Außerdem kritisiert Mahrer die verkürzte Gültigkeit der zweiten Corona-Impfung für den 2G-Nachweis von nur mehr sechs statt früher neun Monaten. Dass diese Maßnahme "ruckizucki" knapp vor Beginn der Semester-Ferienwochen eingeführt werde, stößt Mahrer besonders sauer auf. Zwar sei die Maßnahme schon länger angekündigt, aber noch nicht formell in einer Verordnung festgehalten, die Mitgliedsbetriebe könnten aber nicht "auf Verdacht" ihre Mitarbeiter informieren. "Ich bin nicht gegen die Maßnahme", betont Mahrer. Aber wenn die Bundesregierung diese Verkürzung einführe, dann müsse das rechtzeitig geschehen, sodass alle offiziell informiert werden können. "Niemand wird in der Wirtschaft jemanden auf Verdacht informieren, denn wie wir in den letzten 22 Monaten gesehen haben, ist schon viel gesagt worden und dann ganz anderes passiert." Abgesehen von der Information der Menschen in Österreich müsse man auch die Ausländer, die nach Österreich kommen, informieren - gerade vor einer Urlaubszeit.

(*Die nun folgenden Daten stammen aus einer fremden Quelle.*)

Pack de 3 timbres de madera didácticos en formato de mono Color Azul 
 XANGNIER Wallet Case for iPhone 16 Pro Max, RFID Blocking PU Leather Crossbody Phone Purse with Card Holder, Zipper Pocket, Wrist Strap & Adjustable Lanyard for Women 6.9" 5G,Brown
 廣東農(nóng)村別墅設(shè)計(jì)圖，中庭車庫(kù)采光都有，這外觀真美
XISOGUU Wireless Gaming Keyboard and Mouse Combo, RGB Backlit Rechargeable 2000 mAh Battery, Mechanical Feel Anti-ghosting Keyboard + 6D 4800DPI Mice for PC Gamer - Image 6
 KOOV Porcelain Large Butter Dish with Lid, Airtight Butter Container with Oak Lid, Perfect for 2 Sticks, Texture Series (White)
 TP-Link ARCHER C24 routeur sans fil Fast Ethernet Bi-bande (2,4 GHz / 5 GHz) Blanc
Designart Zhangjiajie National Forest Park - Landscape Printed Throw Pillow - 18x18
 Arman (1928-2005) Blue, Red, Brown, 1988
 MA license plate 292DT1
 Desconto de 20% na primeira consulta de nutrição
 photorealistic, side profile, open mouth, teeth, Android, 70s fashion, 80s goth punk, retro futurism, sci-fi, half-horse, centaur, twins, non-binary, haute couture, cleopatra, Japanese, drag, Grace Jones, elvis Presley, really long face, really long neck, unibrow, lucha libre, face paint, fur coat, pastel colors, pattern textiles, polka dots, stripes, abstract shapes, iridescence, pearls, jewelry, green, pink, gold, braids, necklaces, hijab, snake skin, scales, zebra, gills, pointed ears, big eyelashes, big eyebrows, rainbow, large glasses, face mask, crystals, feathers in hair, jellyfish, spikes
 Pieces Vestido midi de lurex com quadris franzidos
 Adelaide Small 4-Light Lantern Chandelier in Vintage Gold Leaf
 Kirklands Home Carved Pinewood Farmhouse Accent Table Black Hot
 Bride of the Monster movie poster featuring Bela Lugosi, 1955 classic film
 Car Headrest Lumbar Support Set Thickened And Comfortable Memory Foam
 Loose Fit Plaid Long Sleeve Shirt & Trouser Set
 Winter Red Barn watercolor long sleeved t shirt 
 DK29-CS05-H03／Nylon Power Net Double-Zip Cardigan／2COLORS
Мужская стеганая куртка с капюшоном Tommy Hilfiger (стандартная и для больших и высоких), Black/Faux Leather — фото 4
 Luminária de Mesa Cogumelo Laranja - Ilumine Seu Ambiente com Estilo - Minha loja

Abschaffung aller Maßnahmen
Neben den ganz kurzfristigen Änderungen bei den Corona-Maßnahmen fordert Mahrer "nach Überschreiten des Peaks" bei den Corona-Infektionen auch eine Perspektive in Richtung Abschaffung aller Maßnahmen und Öffnung der Nachtgastronomie. Wobei Mahrer den Peak schon kommende Woche erwartet. "Möglichst zeitnah" sollten die Verantwortlichen klarmachen, welche Maßnahmen im März oder zu Ostern noch gelten werden - "damit man sich darauf einstellen kann".
Aus Sicht des WKÖ-Chefs sollte man mit Einführung der Impfpflicht "davon weggehen, dass man die Wirtschaftssubjekte als Kontrollinstitutionen missbraucht". Dann müsse es die Aufgabe der Behörden sein, Stichprobenkontrollen zu machen. Veranstaltungen müssten wieder ohne Kapazitätsbeschränkungen und ohne Anzeige- und Bewilligungspflicht möglich sein, denn "wenn sich keine neue Bedrohungslage einstellt, muss ich auch diese unfassbare Bürokratie reduzieren". Über die Sperrstunde müsse man generell reden und Großveranstaltungen und der Nachtgastronomie eine Perspektive geben. "Da braucht es einfach einen Riesenschritt in Richtung Normalität", so Mahrer.
Um die Firmen in der Pandemie zu unterstützen, laufen derzeit auch Verhandlungen mit dem Finanzministerium über einen leichteren Zugang zu Corona-Hilfen. Konkret will Mahrer, dass Ausfallsbonus und Verlustersatz schon bei einem Umsatzrückgang von 30 Prozent gewährt werden, statt wie bisher ab 40 Prozent. Auch soll der Deckel beim Ausfallsbonus für die Hilfe von derzeit 80.000 Euro "so viel wie möglich" erhöht werden. Innerhalb der kommenden 14 Tage hofft der WKÖ-Chef auf grünes Licht dafür. Die aktuellen Bestimmungen seien nicht mehr haltbar, so Mahrer, da angesichts des fortgesetzten Lockdowns für Ungeimpfte und der Kontrollen in den Betrieben, ein Drittel der Kunden ausgefallen sei. "Sie darben weiter dahin", sagt Mahrer zur Geschäftslage, insbesondere in der Gastronomie und im Tourismus.